[RECORDED DATA Boundary: Start]

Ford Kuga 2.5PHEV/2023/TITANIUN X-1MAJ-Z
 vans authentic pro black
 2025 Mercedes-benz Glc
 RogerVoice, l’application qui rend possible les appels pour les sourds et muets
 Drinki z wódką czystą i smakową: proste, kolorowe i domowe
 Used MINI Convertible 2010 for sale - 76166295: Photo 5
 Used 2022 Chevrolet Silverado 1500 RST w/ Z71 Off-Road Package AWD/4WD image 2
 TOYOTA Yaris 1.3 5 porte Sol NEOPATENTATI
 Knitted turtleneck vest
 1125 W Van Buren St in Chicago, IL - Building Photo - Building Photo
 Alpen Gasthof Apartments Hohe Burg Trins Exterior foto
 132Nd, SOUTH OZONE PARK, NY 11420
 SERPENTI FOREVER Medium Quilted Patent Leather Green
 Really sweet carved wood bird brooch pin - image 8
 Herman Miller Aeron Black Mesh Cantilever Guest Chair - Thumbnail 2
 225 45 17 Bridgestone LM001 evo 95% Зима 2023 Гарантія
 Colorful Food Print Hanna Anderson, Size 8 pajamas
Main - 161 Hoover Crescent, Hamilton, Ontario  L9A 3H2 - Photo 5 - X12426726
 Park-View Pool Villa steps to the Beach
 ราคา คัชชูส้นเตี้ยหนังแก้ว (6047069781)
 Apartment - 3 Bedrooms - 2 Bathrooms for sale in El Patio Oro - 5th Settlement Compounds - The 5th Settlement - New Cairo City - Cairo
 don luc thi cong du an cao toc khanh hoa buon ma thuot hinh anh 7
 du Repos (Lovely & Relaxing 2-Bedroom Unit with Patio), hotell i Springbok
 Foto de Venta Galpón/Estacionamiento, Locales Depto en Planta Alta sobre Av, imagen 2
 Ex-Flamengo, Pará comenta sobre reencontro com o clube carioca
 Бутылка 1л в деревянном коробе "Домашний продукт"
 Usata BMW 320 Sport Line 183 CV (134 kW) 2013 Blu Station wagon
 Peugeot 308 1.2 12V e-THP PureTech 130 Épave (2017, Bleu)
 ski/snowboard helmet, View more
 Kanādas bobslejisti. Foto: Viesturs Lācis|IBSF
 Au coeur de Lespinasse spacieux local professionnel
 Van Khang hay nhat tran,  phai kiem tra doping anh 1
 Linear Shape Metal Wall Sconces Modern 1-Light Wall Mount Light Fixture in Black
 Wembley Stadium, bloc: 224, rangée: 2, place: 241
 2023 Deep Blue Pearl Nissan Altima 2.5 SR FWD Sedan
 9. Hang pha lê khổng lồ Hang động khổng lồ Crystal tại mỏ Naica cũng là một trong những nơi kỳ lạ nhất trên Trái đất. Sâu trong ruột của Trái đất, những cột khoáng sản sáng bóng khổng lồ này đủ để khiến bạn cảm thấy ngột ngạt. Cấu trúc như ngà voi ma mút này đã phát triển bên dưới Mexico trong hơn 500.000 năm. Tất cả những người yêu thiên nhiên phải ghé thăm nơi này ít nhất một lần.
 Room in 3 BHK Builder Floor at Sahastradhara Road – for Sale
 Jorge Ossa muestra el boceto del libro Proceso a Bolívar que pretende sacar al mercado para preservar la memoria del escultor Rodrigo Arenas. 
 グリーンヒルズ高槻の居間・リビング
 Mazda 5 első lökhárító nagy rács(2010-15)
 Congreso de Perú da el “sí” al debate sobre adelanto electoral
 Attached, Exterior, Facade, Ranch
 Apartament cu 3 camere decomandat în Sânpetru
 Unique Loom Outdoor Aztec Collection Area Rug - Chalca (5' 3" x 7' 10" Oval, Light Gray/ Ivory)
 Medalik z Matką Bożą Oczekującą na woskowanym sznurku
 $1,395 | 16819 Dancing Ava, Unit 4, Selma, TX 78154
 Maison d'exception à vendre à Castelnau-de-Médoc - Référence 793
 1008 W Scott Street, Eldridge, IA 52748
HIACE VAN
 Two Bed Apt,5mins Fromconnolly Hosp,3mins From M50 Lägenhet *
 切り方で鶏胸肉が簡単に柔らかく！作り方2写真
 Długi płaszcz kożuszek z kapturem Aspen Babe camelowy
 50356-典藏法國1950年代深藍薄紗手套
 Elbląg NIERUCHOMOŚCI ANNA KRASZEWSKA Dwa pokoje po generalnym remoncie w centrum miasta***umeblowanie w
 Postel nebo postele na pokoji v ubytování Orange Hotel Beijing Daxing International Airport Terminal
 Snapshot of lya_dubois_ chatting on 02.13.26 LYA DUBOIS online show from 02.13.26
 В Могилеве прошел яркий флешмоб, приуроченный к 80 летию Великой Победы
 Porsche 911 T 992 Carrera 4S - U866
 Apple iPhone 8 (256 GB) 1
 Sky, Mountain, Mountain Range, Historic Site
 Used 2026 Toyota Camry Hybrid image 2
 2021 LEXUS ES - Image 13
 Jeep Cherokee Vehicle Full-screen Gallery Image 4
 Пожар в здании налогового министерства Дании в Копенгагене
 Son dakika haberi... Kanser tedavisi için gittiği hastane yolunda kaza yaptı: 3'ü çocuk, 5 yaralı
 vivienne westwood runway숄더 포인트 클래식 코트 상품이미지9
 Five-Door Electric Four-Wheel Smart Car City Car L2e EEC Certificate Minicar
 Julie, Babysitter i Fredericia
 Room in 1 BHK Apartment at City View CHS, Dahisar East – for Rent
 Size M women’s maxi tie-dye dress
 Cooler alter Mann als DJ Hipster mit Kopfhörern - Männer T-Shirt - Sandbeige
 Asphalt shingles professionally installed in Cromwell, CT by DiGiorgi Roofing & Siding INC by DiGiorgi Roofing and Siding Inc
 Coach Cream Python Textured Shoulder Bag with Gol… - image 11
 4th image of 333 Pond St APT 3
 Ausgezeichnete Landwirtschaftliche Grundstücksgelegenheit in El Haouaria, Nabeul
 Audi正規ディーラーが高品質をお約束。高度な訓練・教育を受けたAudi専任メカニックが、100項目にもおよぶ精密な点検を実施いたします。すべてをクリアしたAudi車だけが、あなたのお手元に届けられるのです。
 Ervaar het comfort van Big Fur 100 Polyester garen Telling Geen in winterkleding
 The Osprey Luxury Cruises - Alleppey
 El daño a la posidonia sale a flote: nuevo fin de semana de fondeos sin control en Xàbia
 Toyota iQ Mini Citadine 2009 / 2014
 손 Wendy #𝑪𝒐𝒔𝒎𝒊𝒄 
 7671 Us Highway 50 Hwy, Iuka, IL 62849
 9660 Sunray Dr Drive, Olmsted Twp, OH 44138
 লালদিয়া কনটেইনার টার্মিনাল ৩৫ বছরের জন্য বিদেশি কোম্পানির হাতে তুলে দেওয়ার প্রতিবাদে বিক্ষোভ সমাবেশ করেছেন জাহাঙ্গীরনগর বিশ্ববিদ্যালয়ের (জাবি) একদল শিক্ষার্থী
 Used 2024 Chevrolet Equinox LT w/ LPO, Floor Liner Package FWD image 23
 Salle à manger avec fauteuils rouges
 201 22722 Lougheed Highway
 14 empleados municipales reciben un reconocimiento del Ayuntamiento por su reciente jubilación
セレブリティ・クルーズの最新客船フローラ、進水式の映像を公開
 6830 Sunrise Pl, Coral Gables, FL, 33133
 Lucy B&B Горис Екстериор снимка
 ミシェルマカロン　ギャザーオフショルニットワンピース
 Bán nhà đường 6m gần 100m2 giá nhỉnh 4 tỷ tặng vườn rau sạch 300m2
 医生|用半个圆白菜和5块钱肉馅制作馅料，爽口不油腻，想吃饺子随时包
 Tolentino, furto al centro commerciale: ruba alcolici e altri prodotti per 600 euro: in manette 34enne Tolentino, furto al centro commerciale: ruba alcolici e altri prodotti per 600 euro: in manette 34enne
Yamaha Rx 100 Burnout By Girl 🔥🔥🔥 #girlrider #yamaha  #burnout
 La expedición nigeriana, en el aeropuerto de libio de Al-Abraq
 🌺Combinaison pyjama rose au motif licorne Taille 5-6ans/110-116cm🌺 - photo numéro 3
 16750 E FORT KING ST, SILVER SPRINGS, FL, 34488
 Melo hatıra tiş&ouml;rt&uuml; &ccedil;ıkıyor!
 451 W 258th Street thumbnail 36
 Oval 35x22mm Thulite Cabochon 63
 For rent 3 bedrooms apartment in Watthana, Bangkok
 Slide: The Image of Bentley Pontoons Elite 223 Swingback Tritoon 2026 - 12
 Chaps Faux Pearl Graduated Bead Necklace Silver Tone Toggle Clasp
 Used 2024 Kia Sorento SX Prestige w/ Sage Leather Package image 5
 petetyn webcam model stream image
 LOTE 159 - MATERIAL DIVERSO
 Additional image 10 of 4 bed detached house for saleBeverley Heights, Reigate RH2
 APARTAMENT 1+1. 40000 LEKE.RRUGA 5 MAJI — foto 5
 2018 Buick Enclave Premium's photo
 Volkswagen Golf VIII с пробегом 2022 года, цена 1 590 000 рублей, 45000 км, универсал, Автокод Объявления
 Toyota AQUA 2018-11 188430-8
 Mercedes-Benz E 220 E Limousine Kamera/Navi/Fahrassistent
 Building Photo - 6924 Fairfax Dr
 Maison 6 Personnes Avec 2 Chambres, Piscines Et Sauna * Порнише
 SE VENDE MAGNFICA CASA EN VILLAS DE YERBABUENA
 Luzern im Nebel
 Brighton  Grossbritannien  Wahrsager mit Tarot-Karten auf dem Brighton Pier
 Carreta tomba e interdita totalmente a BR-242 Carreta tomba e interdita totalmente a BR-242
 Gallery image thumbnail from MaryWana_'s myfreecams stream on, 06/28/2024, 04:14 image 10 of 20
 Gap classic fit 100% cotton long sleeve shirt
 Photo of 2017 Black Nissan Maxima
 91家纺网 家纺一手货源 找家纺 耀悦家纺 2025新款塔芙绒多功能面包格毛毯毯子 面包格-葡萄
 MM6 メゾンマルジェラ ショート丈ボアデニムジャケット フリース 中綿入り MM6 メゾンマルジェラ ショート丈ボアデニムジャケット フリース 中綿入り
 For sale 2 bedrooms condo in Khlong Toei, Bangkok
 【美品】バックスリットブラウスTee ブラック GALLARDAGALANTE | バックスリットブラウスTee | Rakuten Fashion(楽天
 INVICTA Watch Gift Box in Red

[RECORDED DATA Boundary: End]

WHAT NEEDS TO BE DONE: Give back the lines of the data exactly as they are written, from the first line through the line containing "132Nd, SOUTH OZONE PARK, NY 11420".

EXERCISE RESULT:
Ford Kuga 2.5PHEV/2023/TITANIUN X-1MAJ-Z
 vans authentic pro black
 2025 Mercedes-benz Glc
 RogerVoice, l’application qui rend possible les appels pour les sourds et muets
 Drinki z wódką czystą i smakową: proste, kolorowe i domowe
 Used MINI Convertible 2010 for sale - 76166295: Photo 5
 Used 2022 Chevrolet Silverado 1500 RST w/ Z71 Off-Road Package AWD/4WD image 2
 TOYOTA Yaris 1.3 5 porte Sol NEOPATENTATI
 Knitted turtleneck vest
 1125 W Van Buren St in Chicago, IL - Building Photo - Building Photo
 Alpen Gasthof Apartments Hohe Burg Trins Exterior foto
 132Nd, SOUTH OZONE PARK, NY 11420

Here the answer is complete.